··· The records

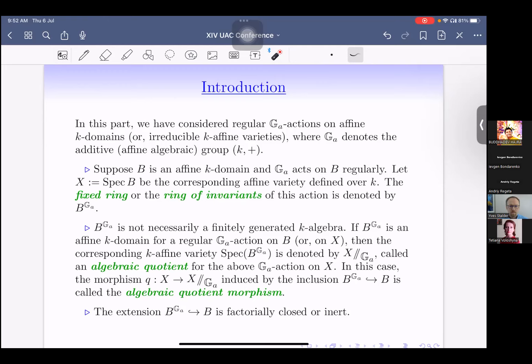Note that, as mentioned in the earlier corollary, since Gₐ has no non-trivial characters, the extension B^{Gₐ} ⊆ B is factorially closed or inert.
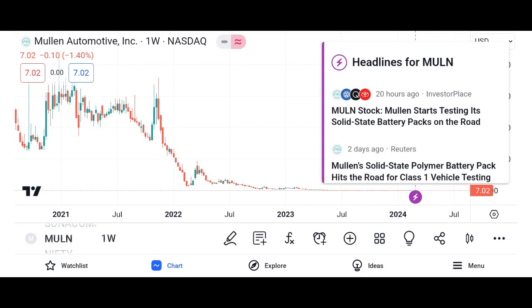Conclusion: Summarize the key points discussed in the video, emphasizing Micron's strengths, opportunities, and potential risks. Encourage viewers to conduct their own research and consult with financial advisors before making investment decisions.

······
··· The records

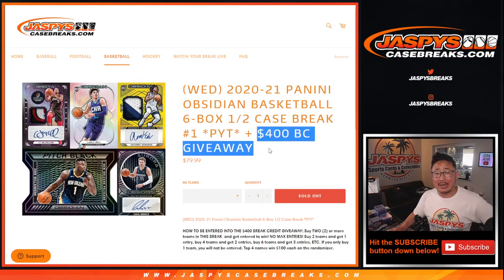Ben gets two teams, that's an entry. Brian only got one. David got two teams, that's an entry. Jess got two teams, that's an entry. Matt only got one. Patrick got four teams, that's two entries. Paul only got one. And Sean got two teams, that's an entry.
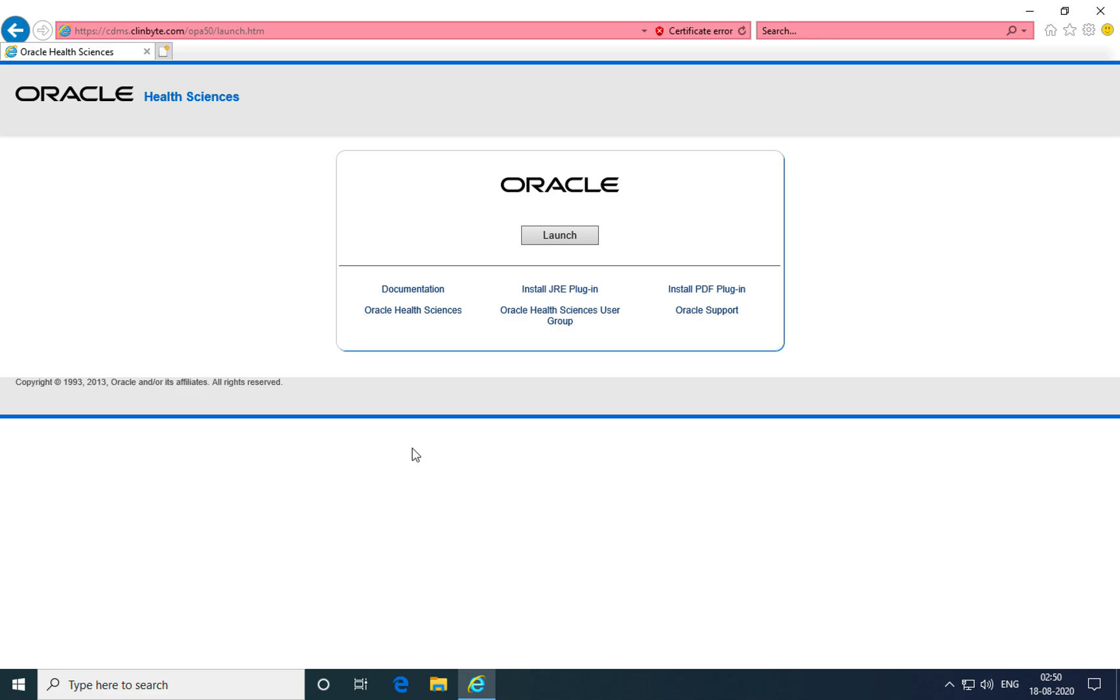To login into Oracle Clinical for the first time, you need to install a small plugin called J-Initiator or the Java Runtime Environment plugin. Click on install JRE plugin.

······

What you return must match the lines above from the one with "Note that, as" through the one with "Conclusion: Summarize the" exactly, with both ends included and the pictures excluded.

Response:
Note that, as mentioned in the earlier corollary, since Gₐ has no non-trivial characters, the extension B^{Gₐ} ⊆ B is factorially closed or inert.
Conclusion: Summarize the key points discussed in the video, emphasizing Micron's strengths, opportunities, and potential risks. Encourage viewers to conduct their own research and consult with financial advisors before making investment decisions.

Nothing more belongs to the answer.